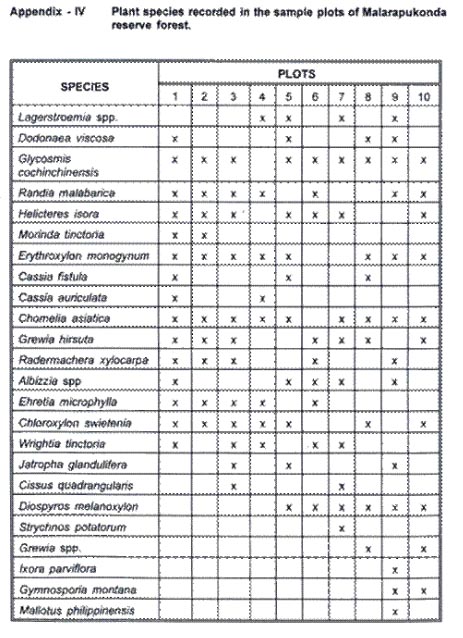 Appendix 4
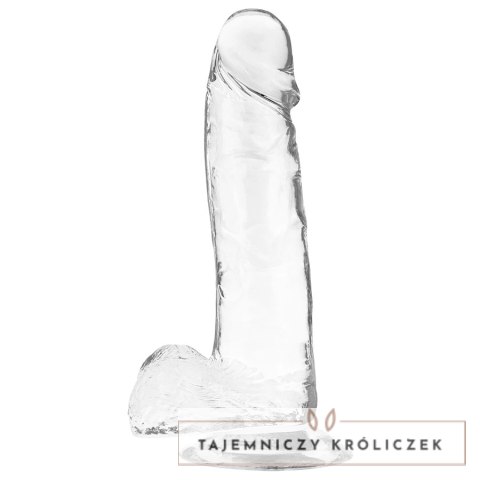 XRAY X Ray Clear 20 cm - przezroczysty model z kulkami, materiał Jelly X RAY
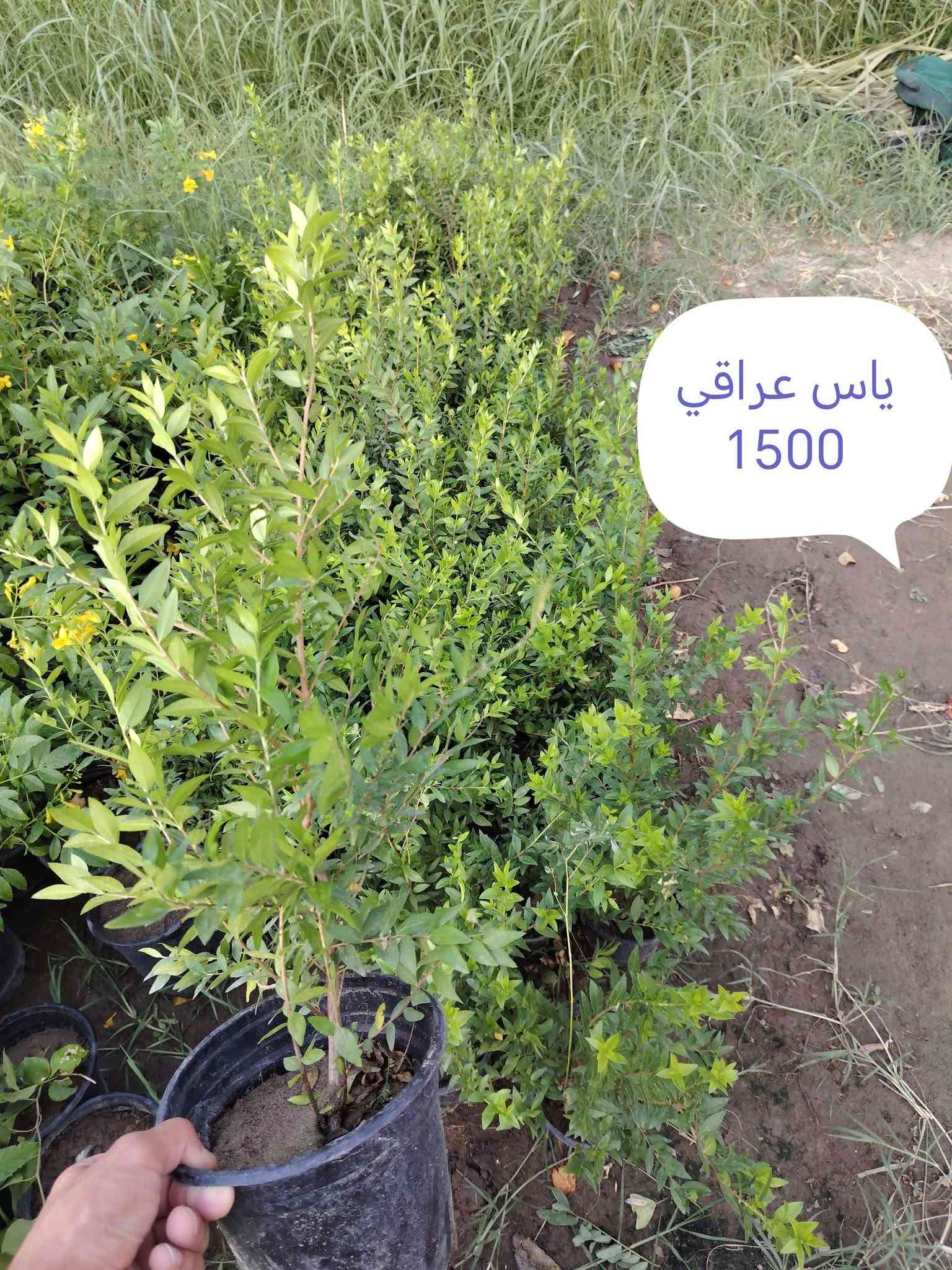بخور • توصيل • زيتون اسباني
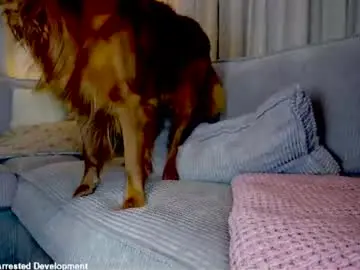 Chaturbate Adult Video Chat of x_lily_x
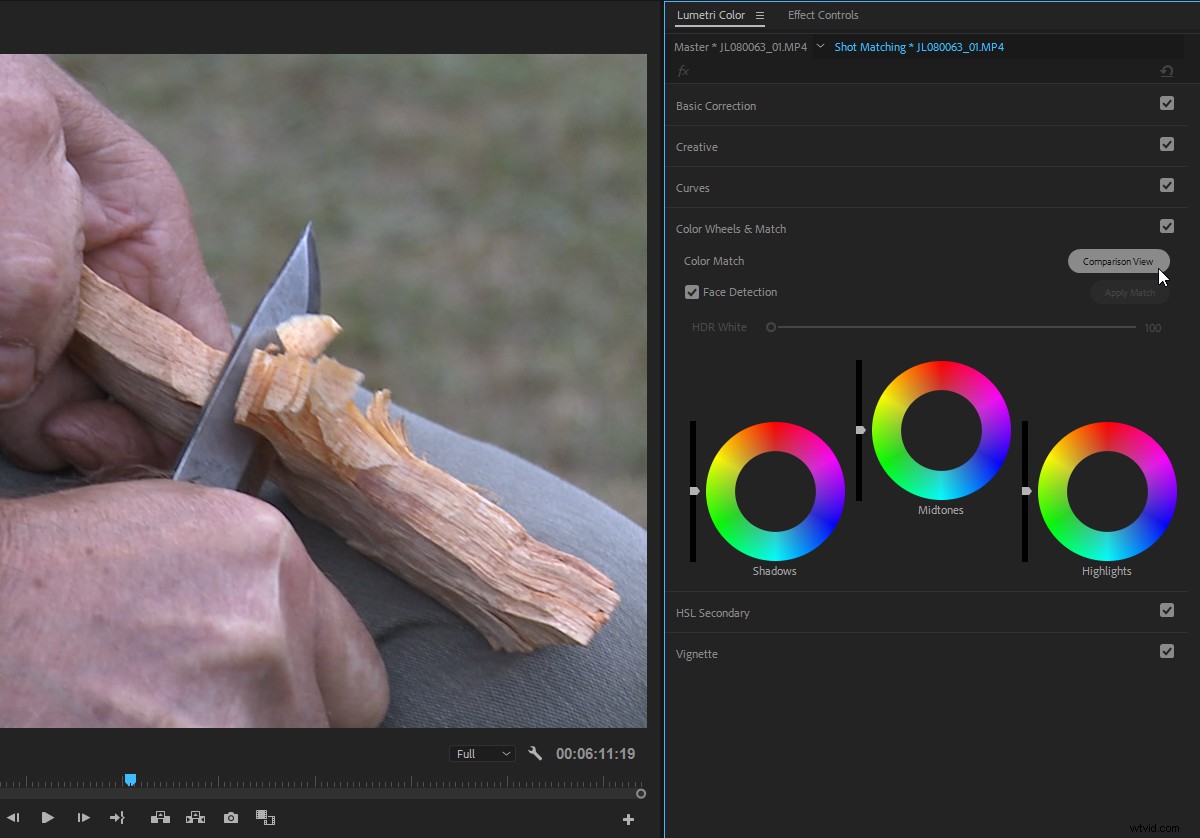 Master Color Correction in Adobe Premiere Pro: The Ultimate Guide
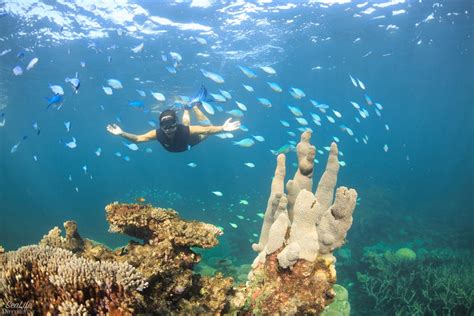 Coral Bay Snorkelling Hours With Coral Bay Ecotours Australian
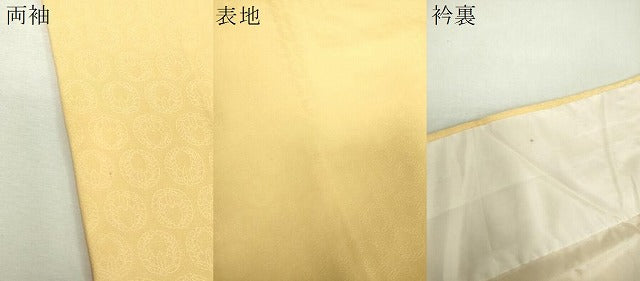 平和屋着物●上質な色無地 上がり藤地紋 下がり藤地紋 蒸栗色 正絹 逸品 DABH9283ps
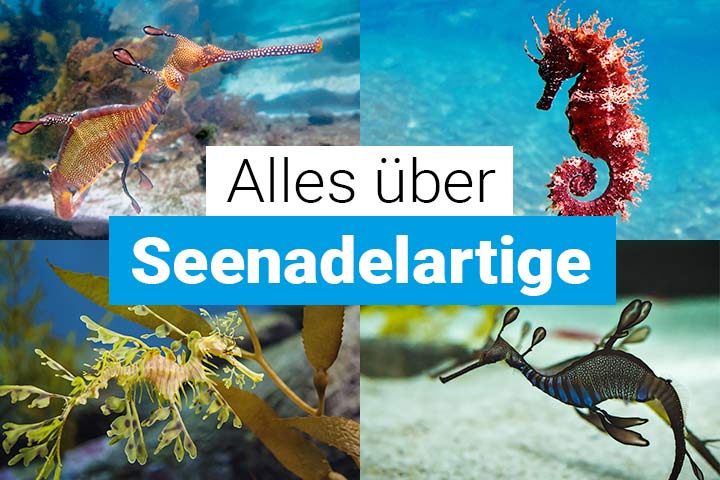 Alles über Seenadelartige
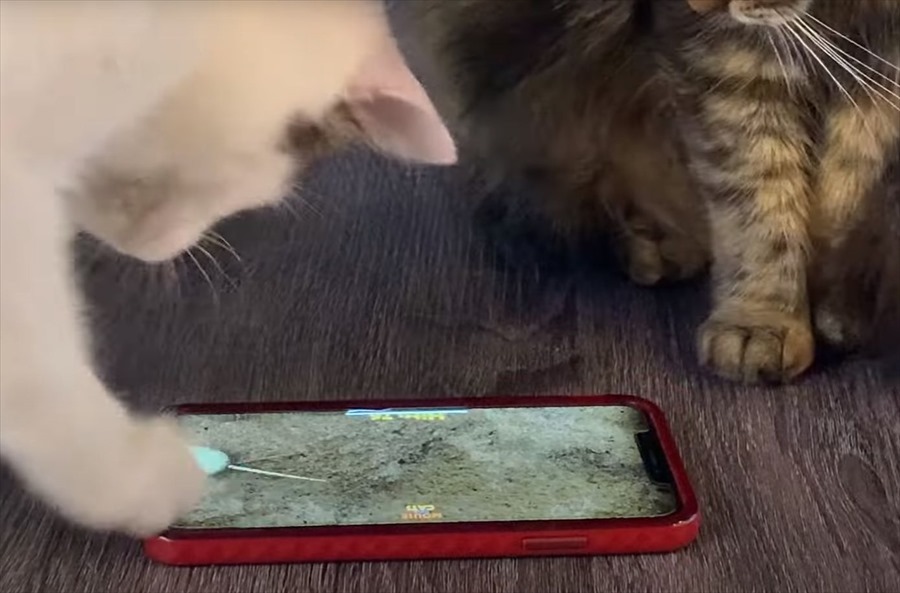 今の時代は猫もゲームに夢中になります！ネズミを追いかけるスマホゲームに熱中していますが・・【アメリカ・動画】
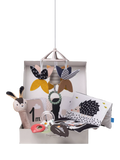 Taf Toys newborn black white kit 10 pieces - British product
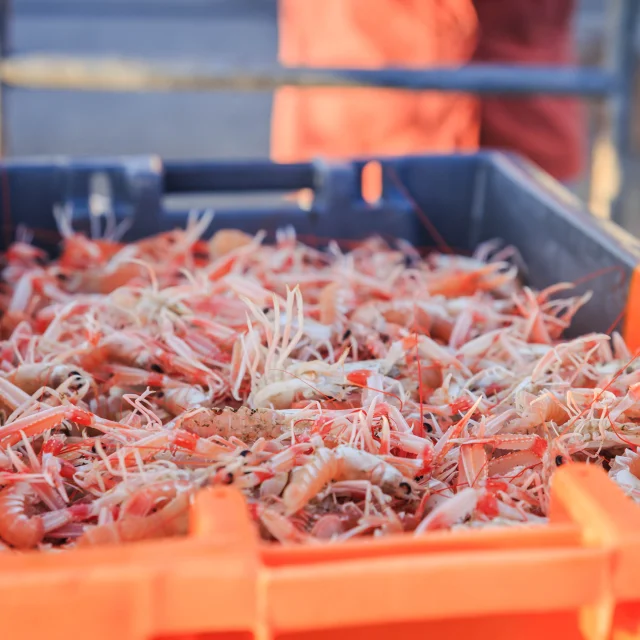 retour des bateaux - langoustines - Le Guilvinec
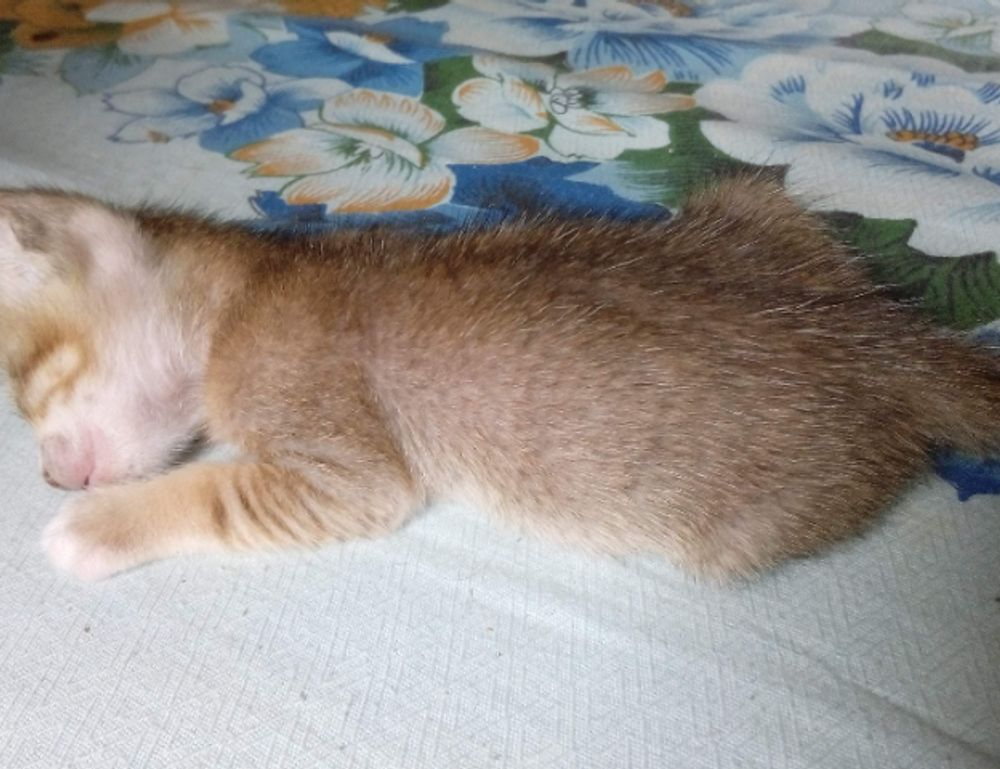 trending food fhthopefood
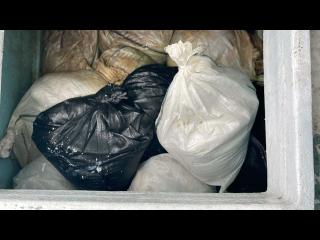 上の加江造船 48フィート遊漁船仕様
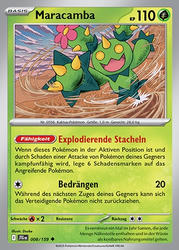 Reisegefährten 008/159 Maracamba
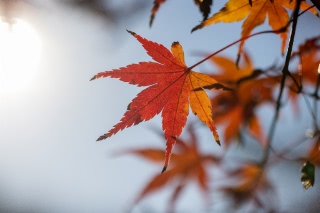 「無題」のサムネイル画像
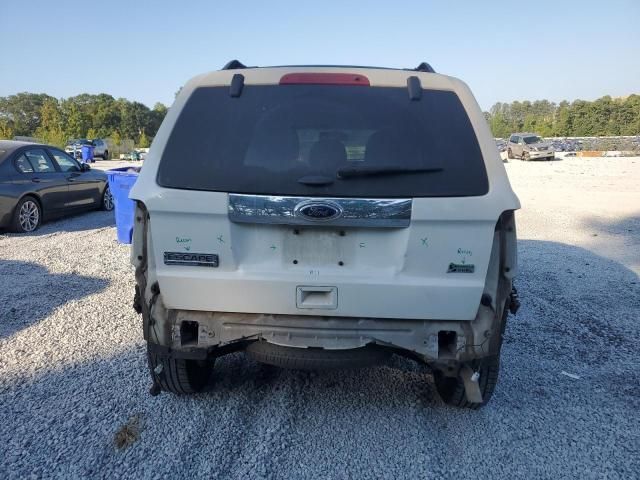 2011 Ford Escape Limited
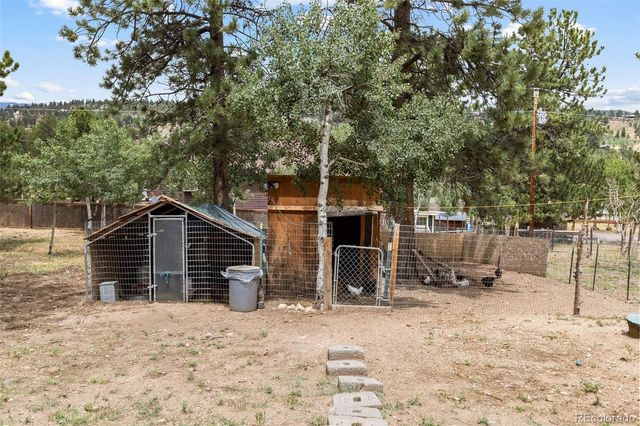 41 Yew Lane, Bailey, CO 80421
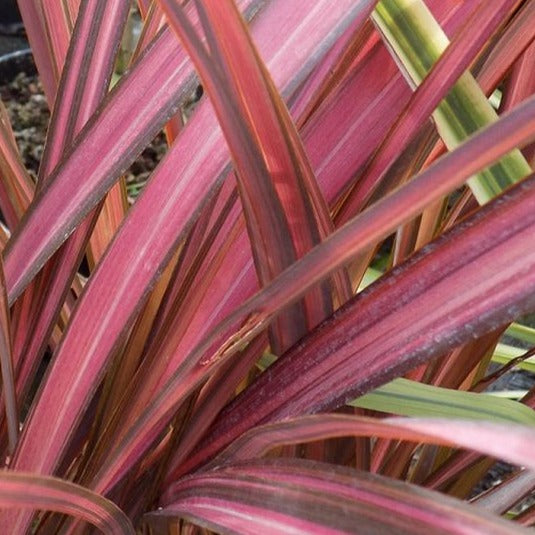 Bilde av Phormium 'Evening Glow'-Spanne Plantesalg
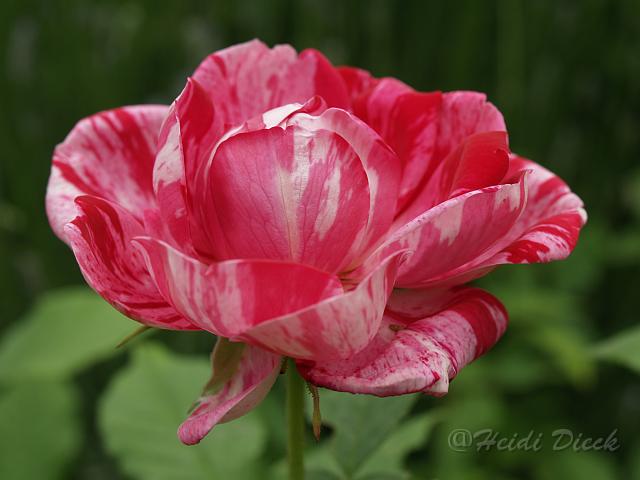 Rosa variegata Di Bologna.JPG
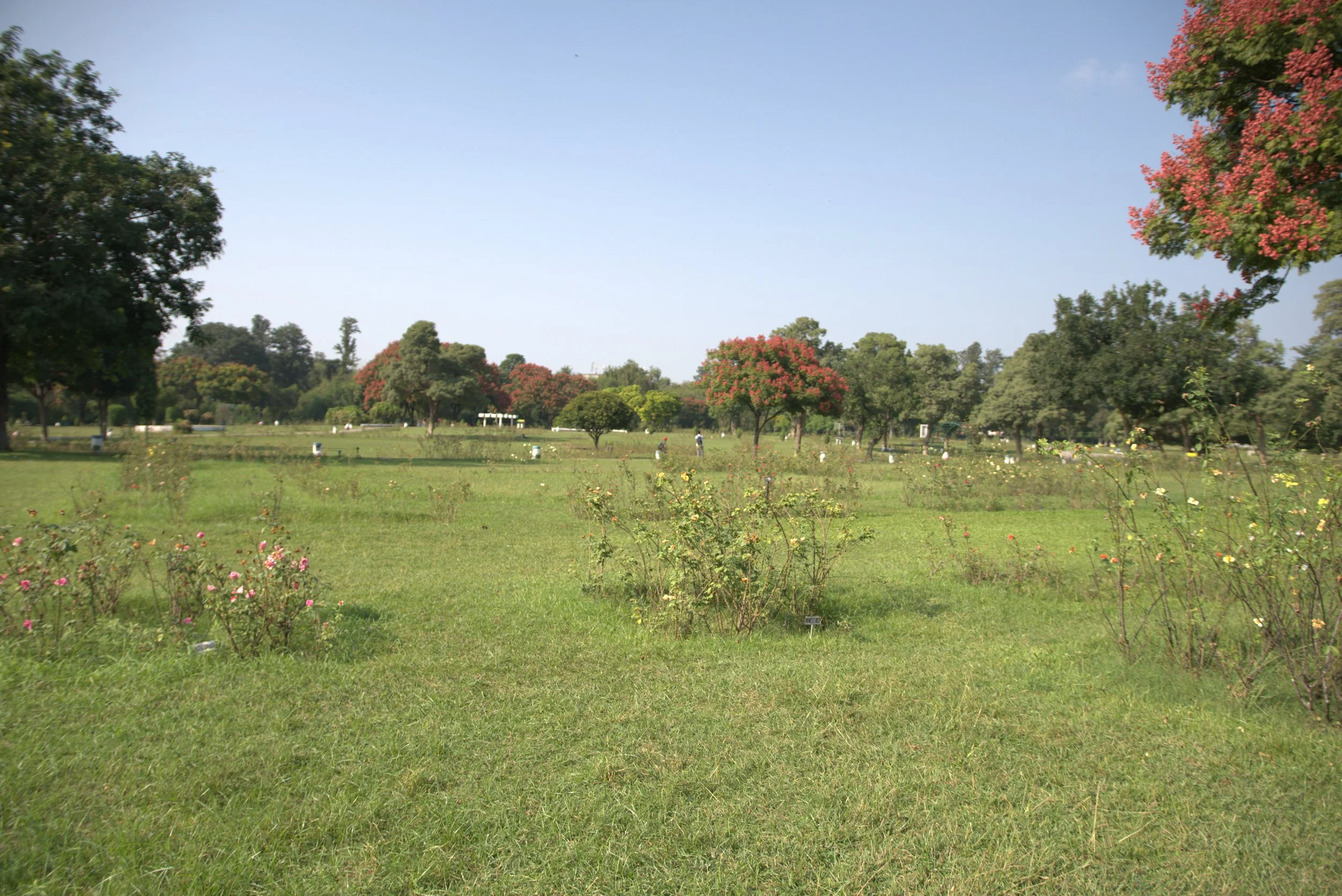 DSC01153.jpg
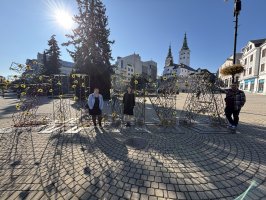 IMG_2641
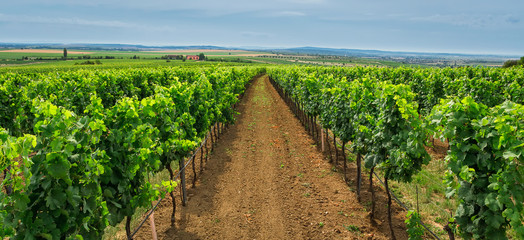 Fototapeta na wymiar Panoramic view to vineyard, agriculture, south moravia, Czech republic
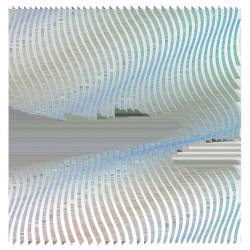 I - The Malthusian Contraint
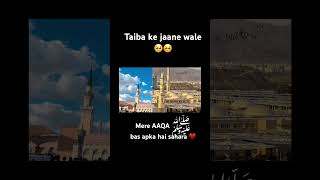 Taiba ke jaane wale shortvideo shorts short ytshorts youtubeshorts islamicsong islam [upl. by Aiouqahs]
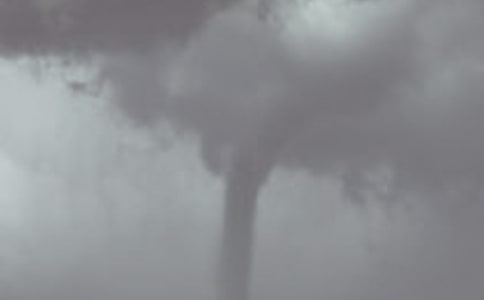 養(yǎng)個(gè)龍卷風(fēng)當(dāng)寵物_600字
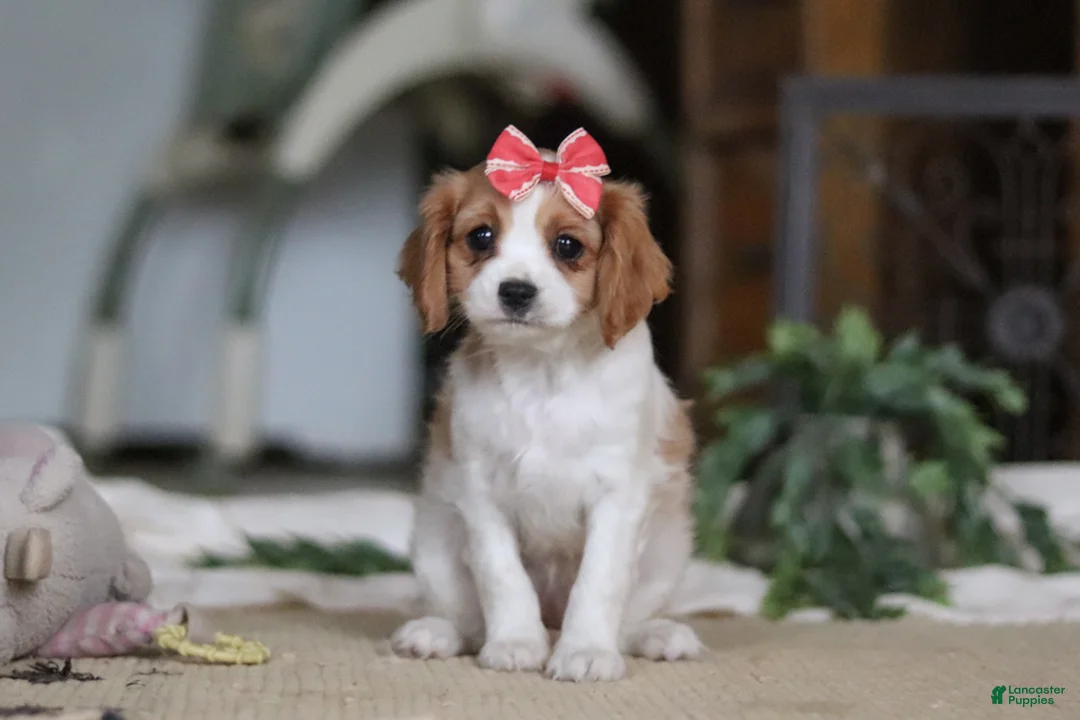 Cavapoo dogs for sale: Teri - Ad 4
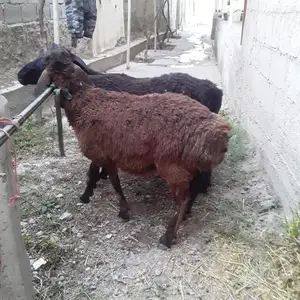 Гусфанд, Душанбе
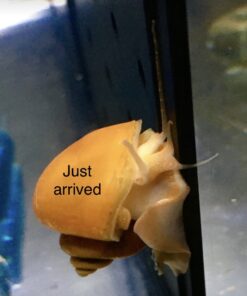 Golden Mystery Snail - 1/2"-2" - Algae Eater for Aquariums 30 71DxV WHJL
+ + + + +
Task requirements: Give back exactly the lines from the one containing "Alles über Seenadelartige" to the final line of the entries, both included, and no picture.

Exercise solution:
 Alles über Seenadelartige
 今の時代は猫もゲームに夢中になります！ネズミを追いかけるスマホゲームに熱中していますが・・【アメリカ・動画】
 Taf Toys newborn black white kit 10 pieces - British product
 retour des bateaux - langoustines - Le Guilvinec
 trending food fhthopefood
 上の加江造船 48フィート遊漁船仕様
 Reisegefährten 008/159 Maracamba
 「無題」のサムネイル画像
 2011 Ford Escape Limited
 41 Yew Lane, Bailey, CO 80421
 Bilde av Phormium 'Evening Glow'-Spanne Plantesalg
 Rosa variegata Di Bologna.JPG
 DSC01153.jpg
 IMG_2641
 Fototapeta na wymiar Panoramic view to vineyard, agriculture, south moravia, Czech republic
 I - The Malthusian Contraint
 Taiba ke jaane wale shortvideo shorts short ytshorts youtubeshorts islamicsong islam [upl. by Aiouqahs]
 養(yǎng)個(gè)龍卷風(fēng)當(dāng)寵物_600字
 Cavapoo dogs for sale: Teri - Ad 4
 Гусфанд, Душанбе
 Golden Mystery Snail - 1/2"-2" - Algae Eater for Aquariums 30 71DxV WHJL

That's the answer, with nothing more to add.